Done loading data from cached files.


## Heterogenous models

- Heterogenous graphs have multiple edge types
- Messages arrive to nodes from different edge type
- One class of models can be defined by selecting how to aggregate messages per edge-type


### Relational GCN model

- Relational GCN sums the messages per each relation type
- Neighborhood per relation


$$
 h_i^{(l+1)} = \sigma \big(\sum_r \sum_{j\in\mathcal{N}_{(i)}^r}\frac{1}{c_{i,r}}h_j^{(l)}W_r^{(l)}\big)
$$


- The HeteroRGCNLayer is used to implement the previous equation.
- It takes in a dictionary of node types and node feature tensors as input, and returns another dictionary of node types and node features.
- For a graph with R relations it uses
 - R message passing functions
 - R aggregation functions
 - A single function to aggregate the messages across relations.

In [3]:
class HeteroRGCNLayer(nn.Module):
    def __init__(self, in_size, out_size, etypes):
        super(HeteroRGCNLayer, self).__init__()
        # W_r for each relation
        self.weight = nn.ModuleDict({
                name: nn.Linear(in_size, out_size) for name in etypes
            })

    def forward(self, G, feat_dict):
        # The input is a dictionary of node features for each type
        funcs = {}
        for srctype, etype, dsttype in G.canonical_etypes:
            # Compute W_r * h
            if srctype in feat_dict:
                Wh = self.weight[etype](feat_dict[srctype])
                # Save it in graph for message passing
                G.nodes[srctype].data['Wh_%s' % etype] = Wh
                # Specify per-relation message passing functions: (message_func, reduce_func).
                # Note that the results are saved to the same destination feature 'h', which
                # hints the type wise reducer for aggregation.
                funcs[etype] = (fn.copy_u('Wh_%s' % etype, 'm'), fn.mean('m', 'h'))
        # Trigger message passing of multiple types.
        # The first argument is the message passing functions for each relation.
        # The second one is the type wise reducer, could be "sum", "max",
        # "min", "mean", "stack"
        G.multi_update_all(funcs, 'sum')
        # return the updated node feature dictionary
        return {ntype: G.dstnodes[ntype].data['h'] for ntype in G.ntypes if 'h' in G.dstnodes[ntype].data}

### Define a HeteroGraphConv model

- HeteroGraphConv is a encapsulation to run DGL NN module on heterogeneous graphs.
 - $f_r(\cdot,\cdot)$: A DGL NN module has to defined per relation 𝑟, e.g., GraphConv()
 - A DGL NN module corresponds to a pair of message passing and aggregation functions
 - $G(\cdot)$: A reduction function to merge the results on the same node type from multiple relations, e.g., $\sum$.  
 - $g_r$: Graph per relation $r$
$$
h_{x}^{(l+1)} = \underset{r\in\mathcal{R}, r_{dst}=x}
{G} (f_r(g_r, h_{r_{src}}^l, h_{r_{dst}}^l))$$

- RGCN implementation is abstracted by the HeteroGraphConv model. (Exercise: Map the function above to RGCN)
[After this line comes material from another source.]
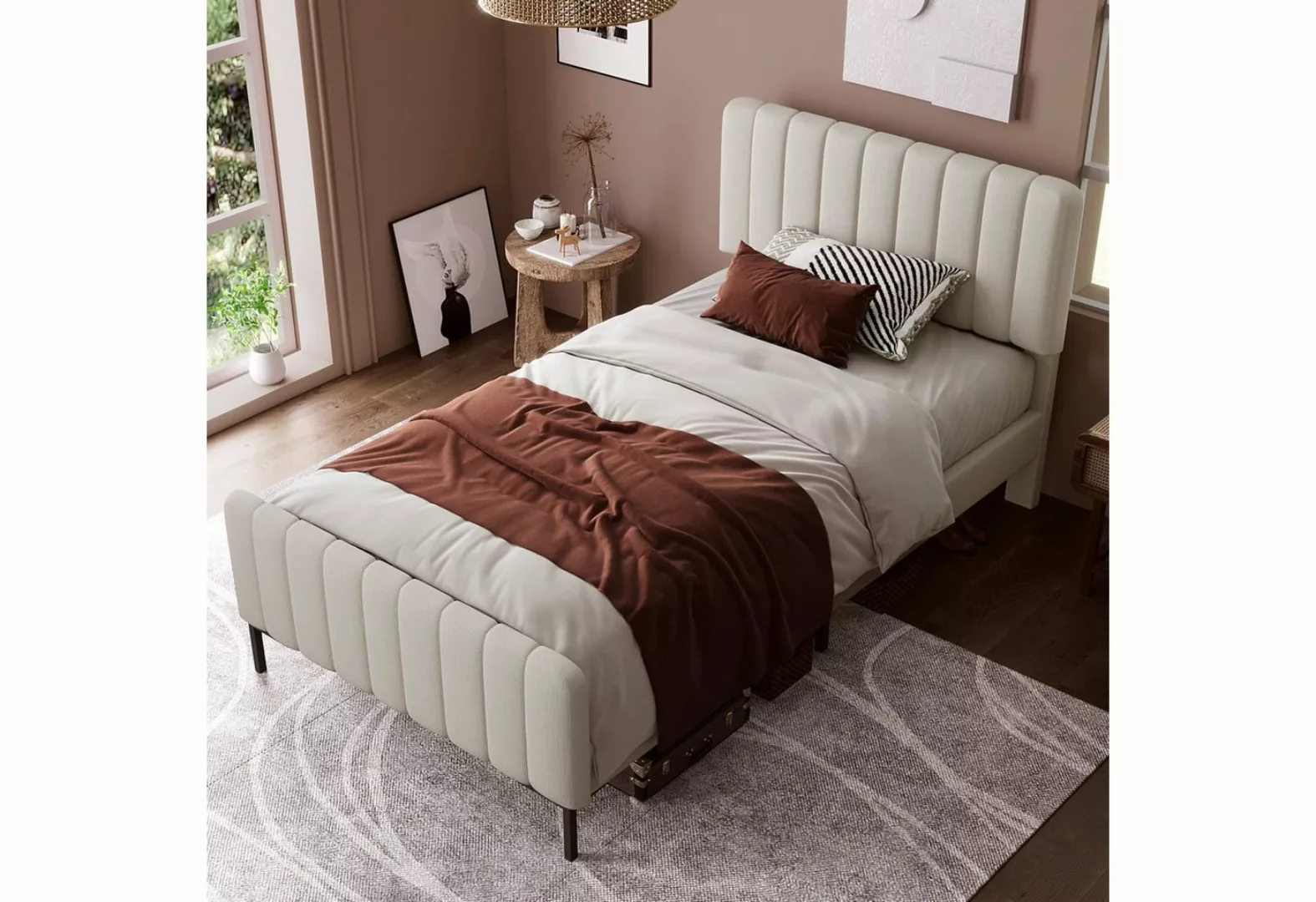 BlingBin Einzelbett Polsterbett (1-tlg., mit Lattenrost, Grau-Beige), Verst günstig online kaufen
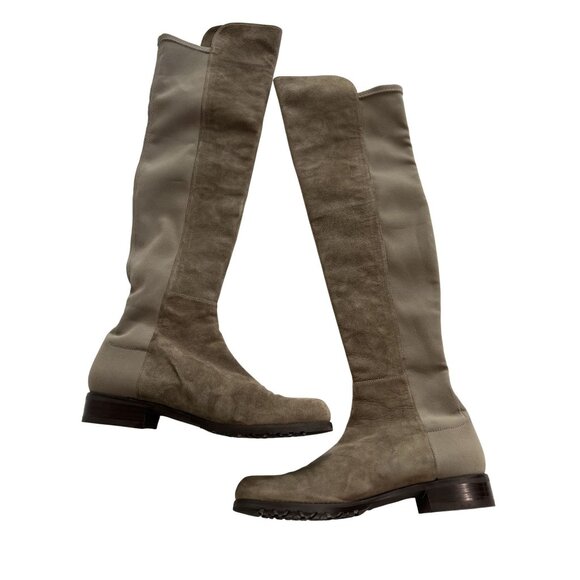 Stuart Weitzman 5050 Bold Suede Over The Knee Boots in Brown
See also the [link](https://docs.dgl.ai/guide/nn-heterograph.html?highlight=heterogenous%20graphs).


In [4]:
# ----------- 2. create model -------------- #
# build a two-layer RGCN model
import dgl.nn as dglnn

class RGCN(nn.Module):
    def __init__(self, in_feats, hid_feats, out_feats, rel_names):
        super().__init__()

        self.conv1 = dglnn.HeteroGraphConv({
            rel: dglnn.GraphConv(in_feats, hid_feats)
            for rel in rel_names}, aggregate='sum')
        self.conv2 = dglnn.HeteroGraphConv({
            rel: dglnn.GraphConv(hid_feats, out_feats)
            for rel in rel_names}, aggregate='sum')
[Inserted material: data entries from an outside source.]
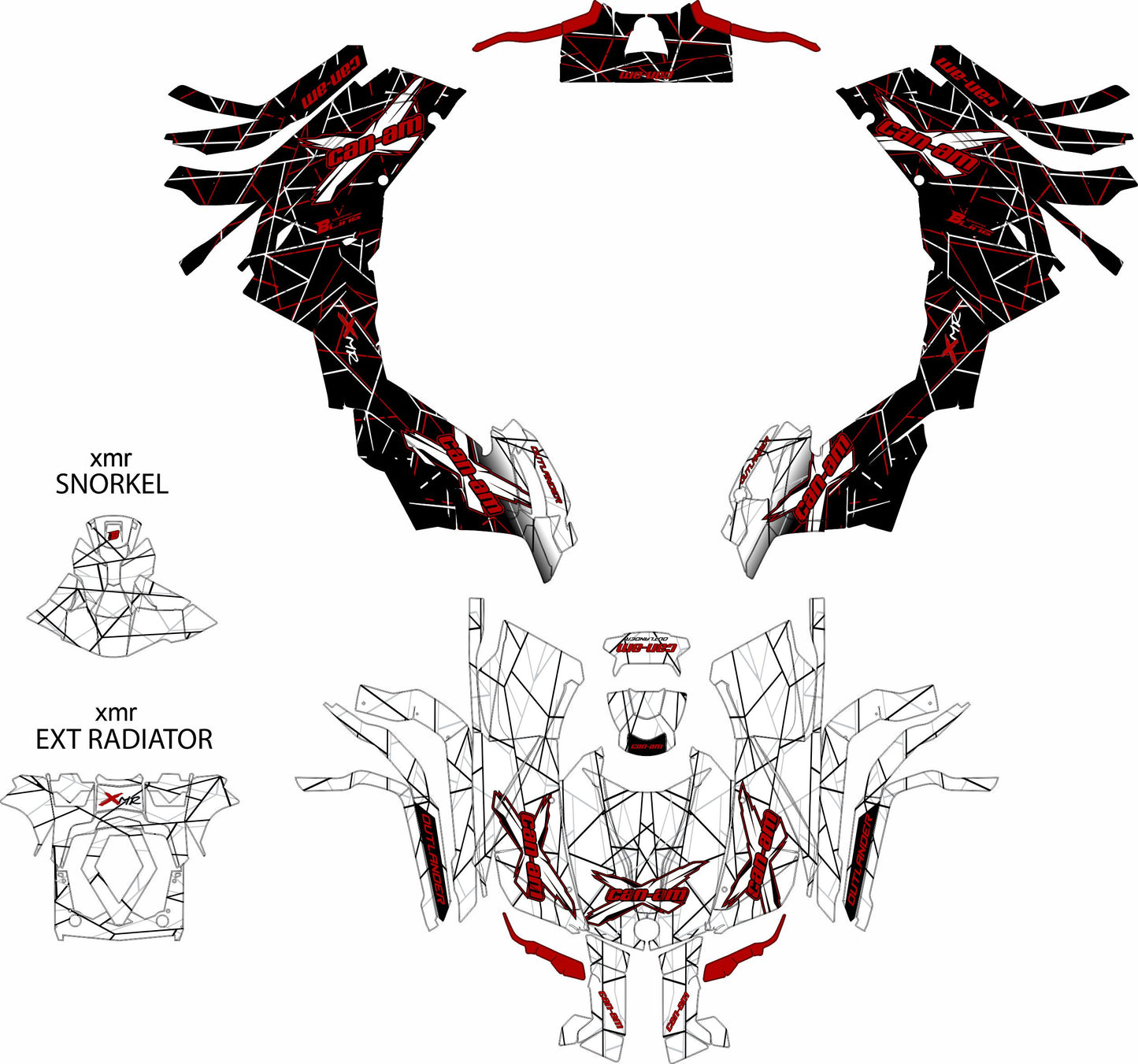 CAN-AM OUTLANDER G2 FULL GRAPHICS KIT "LINED WHITE" DESIGN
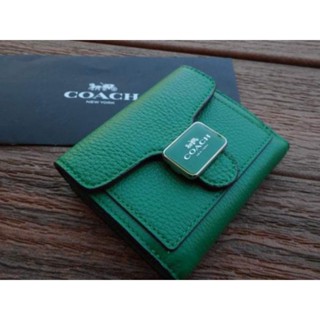 พร้อมส่ง กระเป๋าสตางค์ใบสั้น กระเป๋าสตางค์ 2 พับ สีเขียว COACH C7428 PEPPER WALLETSILVER/GREEN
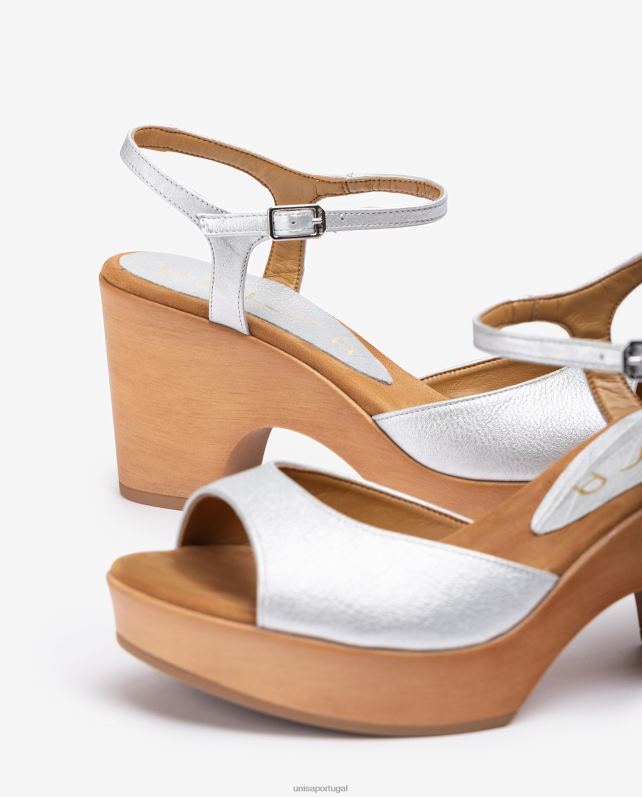 Unisa sandália meia cunha metalizada mulheres 6V2Z6229 moda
    def forward(self, graph, inputs):
        # inputs are features of nodes
        h = self.conv1(graph, inputs)
        h = {k: F.relu(v) for k, v in h.items()}
        h = self.conv2(graph, h)
        return h
    

### Flexibility of HeteroGraphConv

- Performs a separate graph convolution on each edge type
- Sums the message aggregations on each edge type as the final result for all node types.
- By replacing the GraphConv with GraphAtt we get a different model.


### Node embedding layer for heterogenous graphs

- Since AIFB does not have node feature we will use learnable embeddings.
- In heterogenous graphs a dictionary of embeddings is used.
- The embeddings will be updated on training.

In [5]:
class NodeEmbed(nn.Module):
    def __init__(self, num_nodes, embed_size,decice):
        super(NodeEmbed, self).__init__()
        self.embed_size = embed_size
        self.node_embeds = nn.ModuleDict()
        self.device=device
        self.num_nodes=num_nodes
        for ntype in num_nodes:
            node_embed = torch.nn.Embedding(num_nodes[ntype], self.embed_size)
            nn.init.uniform_(node_embed.weight, -1.0, 1.0)
            self.node_embeds[str(ntype)] = node_embed
    
    def forward(self):
        embeds = {}
        num_nodes=self.num_nodes
        for ntype in num_nodes:
            embeds[ntype] = self.node_embeds[ntype](torch.tensor(list(range(num_nodes[ntype]))).to(self.device))
        return embeds
    

In [6]:
num_nodes = {ntype: g.number_of_nodes(ntype) for ntype in g.ntypes}

h_hidden=16
embed = NodeEmbed(num_nodes, h_hidden,device).to(device)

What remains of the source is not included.